Emmanuel Macron n’a pas su trancher entre l’aile gauche de sa majorité et ses ministres de droite et son projet de réforme des retraites est aujourd’hui devenu illisible, ce qui ne peut que renforcer la mobilisation du 5 décembre.

Editorial du « Monde ». La mobilisation, jeudi 5 décembre, contre la réforme des retraites s’annonce massive. Au blocage annoncé des transports s’ajouteront des manifestations qui promettent d’être importantes car les principaux syndicats, à l’exception de la CFDT, appellent les salariés du public comme du privé à se mobiliser. Le dépôt de préavis de grève « illimitée » à la RATP, « reconductible » à la SNCF, laisse penser que le mouvement pourrait durer.

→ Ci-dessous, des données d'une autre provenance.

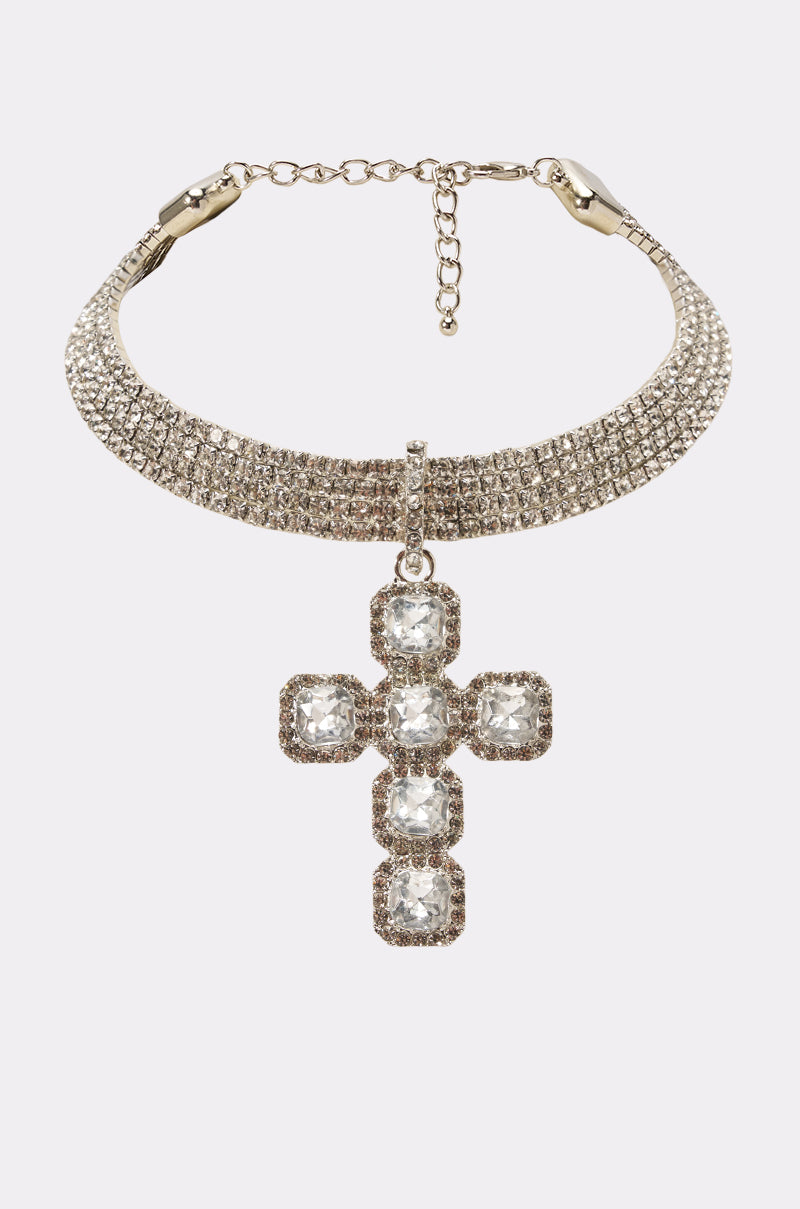 Introducing the CHOKED ON JESUS NECKLACE IN SILVER: a stunning silver rhinestone collar necklace, encrusted with small rhinestones and featuring an ornate cross pendant adorned with square-cut clear gemstones. This bold statement piece effortlessly combines elegance with eye-catching style.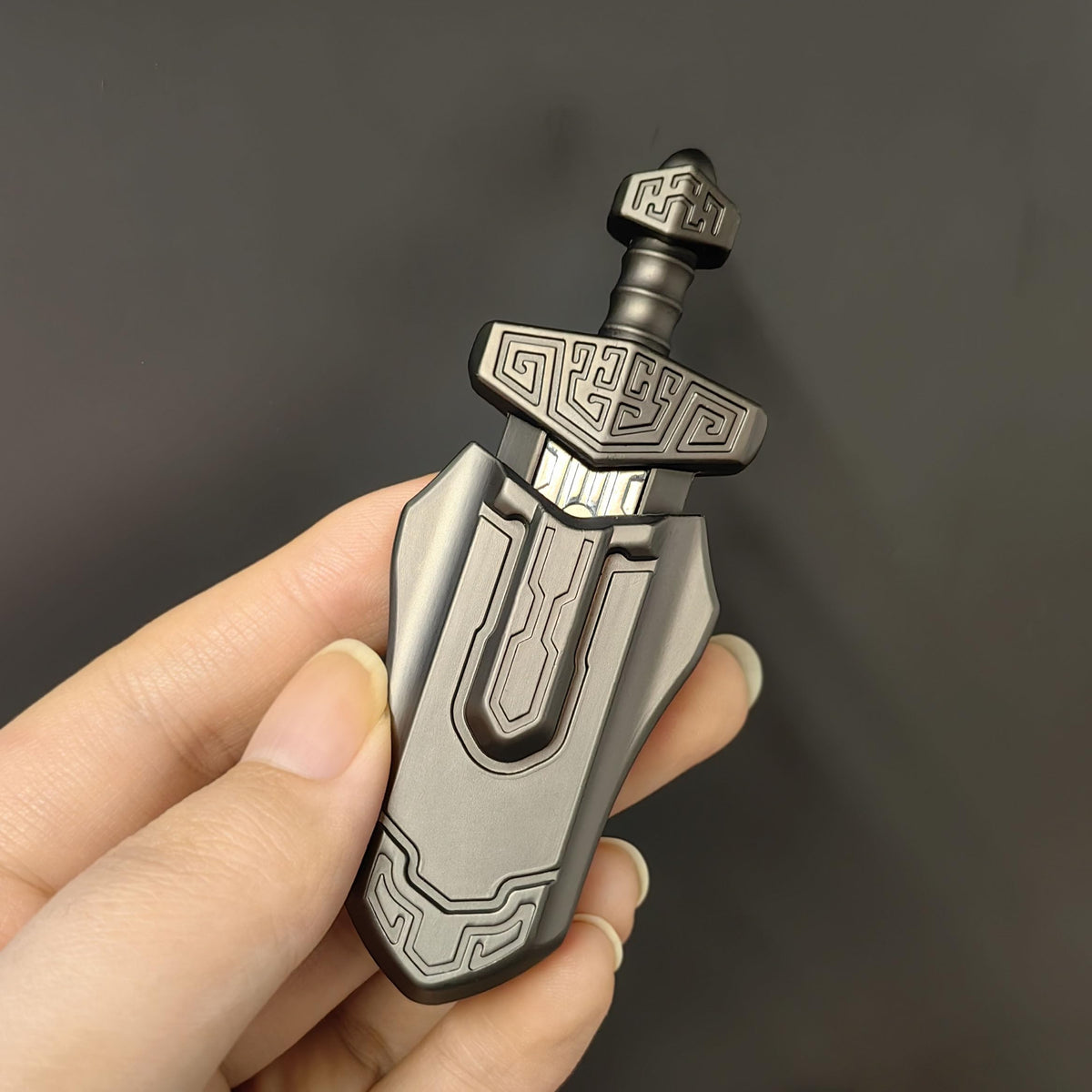 T-Conceal EDC Sword grey in-hand use demonstrates discreet desk-friendly action.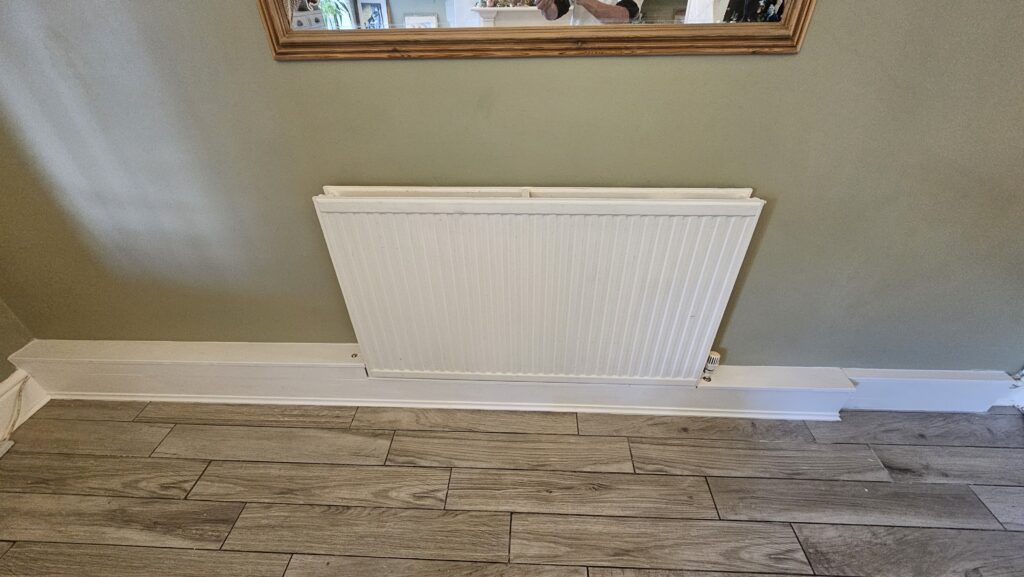 Finished custom radiator pipe boxing with clean skirting finish beneath a wall-mounted radiator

Un an après le début de la crise des « gilets jaunes », Emmanuel Macron a pris le risque d’une nouvelle crispation sociale dont il ne maîtrise pas l’issue. Le gouvernement se dédouane en arguant que chaque réforme des retraites a engendré un mouvement de contestation. C’était particulièrement vrai en 1995 lorsque Alain Juppé, alors premier ministre, a tenté, en vain, de réformer les régimes spéciaux, et en 2003 lorsque François Fillon a décidé d’aligner la durée de cotisation des fonctionnaires sur celle des salariés du secteur privé. Mais ce constat n’excuse en rien les maladresses de l’exécutif depuis que le président de la République a décidé de mettre en œuvre sa promesse de candidat : remplacer les 42 régimes existants par un système universel par points, où chaque euro cotisé ouvrirait les mêmes droits.

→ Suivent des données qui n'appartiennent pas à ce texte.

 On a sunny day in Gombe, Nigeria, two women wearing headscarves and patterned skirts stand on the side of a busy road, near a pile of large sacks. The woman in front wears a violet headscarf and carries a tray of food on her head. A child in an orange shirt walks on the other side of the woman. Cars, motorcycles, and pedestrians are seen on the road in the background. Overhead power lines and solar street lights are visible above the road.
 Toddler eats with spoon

Lorsqu’il était en campagne, Emmanuel Macron avait présenté sa réforme comme un projet de société : l’objectif était de pérenniser le système par répartition, dans lequel les actifs paient pour les retraités, en sécurisant les premiers, qui connaissent des parcours professionnels de moins en moins linéaires. Dans son versant optimiste, la réforme devenait une ode au libre choix : chaque heure de travail ayant la même valeur dans le public et dans le privé, chacun pouvait construire sa carrière comme il l’entendait, voire s’arrêter à l’âge de son choix.

Pas de débat de société

C’était sans doute utopique, mais il y avait là matière à un débat de société mêlant deux dimensions : la solidarité entre les générations et le rapport au travail, alors que l’espérance de vie a progressé en moyenne de quatorze ans au cours des soixante dernières années. L’impopularité du système actuel de retraite jouait en ce sens : 90 % des Français le jugent fragile, 85 % inégalitaire, 73 % coûteux pour les actifs, selon un sondage IFOP paru en octobre 2018. Or, toute cette dimension sociétale a disparu. Des mots techniques comme « systémique », ou « paramétrique » l’ont supplantée. Le projet est devenu opaque et sujet à suspicion.

Le travail préparatoire, mené pendant deux ans, semblait pourtant prometteur. A son terme, Jean-Paul Delevoye, le haut-commissaire à la réforme des retraites, pouvait se targuer d’avoir conservé tous les partenaires sociaux à la table de la concertation. Les choses se sont envenimées lorsque le débat est devenu public. Rien n’a été vraiment mis à plat : ni les inégalités existantes, ni les bouleversements que la réforme allait engendrer. La proclamation qu’elle serait « équitable » a fait croire qu’il n’y aurait que des gagnants, ce qui était évidemment faux.

Plus grave, Emmanuel Macron s’est retrouvé ballotté entre l’aile gauche de la majorité, qui défend l’esprit de la campagne de 2017, et les ministres de droite, qui veulent d’abord équilibrer, par une mesure d’âge, le système actuel, alors que le Conseil d’orientation des retraites prévoit de 8 milliards à 17 milliards d’euros de déficit à l’horizon 2025. Au lieu de trancher vite la querelle, le président a laissé prospérer l’ambiguïté. Il en paie aujourd’hui le prix : son projet est devenu illisible.